_WHAT IS NEEDED_.
Only the lines below starting at the one containing "Смеситель для раковины Haiba HB10813 Хром" and ending at the one containing "David Fletcher Baseball" belong in the answer, each copied exactly.

(Short descriptive text snippets)

★ ★ ★

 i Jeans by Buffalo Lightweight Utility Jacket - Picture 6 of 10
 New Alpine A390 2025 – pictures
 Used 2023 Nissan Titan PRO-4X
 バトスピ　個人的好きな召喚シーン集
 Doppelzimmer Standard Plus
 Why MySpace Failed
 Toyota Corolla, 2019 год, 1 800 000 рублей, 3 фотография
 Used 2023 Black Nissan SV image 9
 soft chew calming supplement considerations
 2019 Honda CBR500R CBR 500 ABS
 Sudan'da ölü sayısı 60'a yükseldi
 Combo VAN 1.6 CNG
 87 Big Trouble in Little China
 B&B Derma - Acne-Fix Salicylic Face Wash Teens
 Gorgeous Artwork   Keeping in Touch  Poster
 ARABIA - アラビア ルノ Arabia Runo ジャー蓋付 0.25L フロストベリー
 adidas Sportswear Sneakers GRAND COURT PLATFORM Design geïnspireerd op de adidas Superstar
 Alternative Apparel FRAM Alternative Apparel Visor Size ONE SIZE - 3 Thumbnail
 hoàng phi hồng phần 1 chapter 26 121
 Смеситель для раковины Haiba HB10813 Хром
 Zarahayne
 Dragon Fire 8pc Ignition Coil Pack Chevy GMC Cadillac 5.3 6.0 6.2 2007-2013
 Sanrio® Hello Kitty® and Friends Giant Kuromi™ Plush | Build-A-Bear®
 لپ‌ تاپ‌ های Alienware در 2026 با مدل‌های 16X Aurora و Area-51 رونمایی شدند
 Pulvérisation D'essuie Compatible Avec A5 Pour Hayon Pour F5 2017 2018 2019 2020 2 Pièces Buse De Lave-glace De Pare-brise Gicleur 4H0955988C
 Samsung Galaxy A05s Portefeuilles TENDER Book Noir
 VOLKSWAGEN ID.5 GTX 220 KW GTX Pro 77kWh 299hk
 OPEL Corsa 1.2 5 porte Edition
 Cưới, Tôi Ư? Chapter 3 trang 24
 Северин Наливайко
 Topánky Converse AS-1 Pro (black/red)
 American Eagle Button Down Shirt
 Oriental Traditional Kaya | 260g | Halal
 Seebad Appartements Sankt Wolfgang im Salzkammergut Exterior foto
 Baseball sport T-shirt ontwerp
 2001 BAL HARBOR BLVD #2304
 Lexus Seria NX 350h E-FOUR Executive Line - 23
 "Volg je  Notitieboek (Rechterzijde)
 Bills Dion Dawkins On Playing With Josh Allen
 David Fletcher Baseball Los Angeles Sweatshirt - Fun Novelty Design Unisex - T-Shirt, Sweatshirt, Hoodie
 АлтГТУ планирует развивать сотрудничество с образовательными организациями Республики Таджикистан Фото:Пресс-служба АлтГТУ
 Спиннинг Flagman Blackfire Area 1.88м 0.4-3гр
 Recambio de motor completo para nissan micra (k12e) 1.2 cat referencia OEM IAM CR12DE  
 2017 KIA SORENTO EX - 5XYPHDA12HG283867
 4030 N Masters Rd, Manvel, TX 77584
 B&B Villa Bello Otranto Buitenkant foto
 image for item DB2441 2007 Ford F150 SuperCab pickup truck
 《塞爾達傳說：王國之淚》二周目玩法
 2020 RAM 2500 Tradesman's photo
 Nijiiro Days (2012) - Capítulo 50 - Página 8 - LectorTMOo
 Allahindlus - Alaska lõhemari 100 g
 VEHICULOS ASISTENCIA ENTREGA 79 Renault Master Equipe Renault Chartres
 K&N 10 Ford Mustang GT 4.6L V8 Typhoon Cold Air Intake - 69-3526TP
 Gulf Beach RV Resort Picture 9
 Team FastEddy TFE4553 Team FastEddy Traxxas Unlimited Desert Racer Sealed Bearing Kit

★ ★ ★

_EXERCISE OUTPUT_.
 Смеситель для раковины Haiba HB10813 Хром
 Zarahayne
 Dragon Fire 8pc Ignition Coil Pack Chevy GMC Cadillac 5.3 6.0 6.2 2007-2013
 Sanrio® Hello Kitty® and Friends Giant Kuromi™ Plush | Build-A-Bear®
 لپ‌ تاپ‌ های Alienware در 2026 با مدل‌های 16X Aurora و Area-51 رونمایی شدند
 Pulvérisation D'essuie Compatible Avec A5 Pour Hayon Pour F5 2017 2018 2019 2020 2 Pièces Buse De Lave-glace De Pare-brise Gicleur 4H0955988C
 Samsung Galaxy A05s Portefeuilles TENDER Book Noir
 VOLKSWAGEN ID.5 GTX 220 KW GTX Pro 77kWh 299hk
 OPEL Corsa 1.2 5 porte Edition
 Cưới, Tôi Ư? Chapter 3 trang 24
 Северин Наливайко
 Topánky Converse AS-1 Pro (black/red)
 American Eagle Button Down Shirt
 Oriental Traditional Kaya | 260g | Halal
 Seebad Appartements Sankt Wolfgang im Salzkammergut Exterior foto
 Baseball sport T-shirt ontwerp
 2001 BAL HARBOR BLVD #2304
 Lexus Seria NX 350h E-FOUR Executive Line - 23
 "Volg je  Notitieboek (Rechterzijde)
 Bills Dion Dawkins On Playing With Josh Allen
 David Fletcher Baseball Los Angeles Sweatshirt - Fun Novelty Design Unisex - T-Shirt, Sweatshirt, Hoodie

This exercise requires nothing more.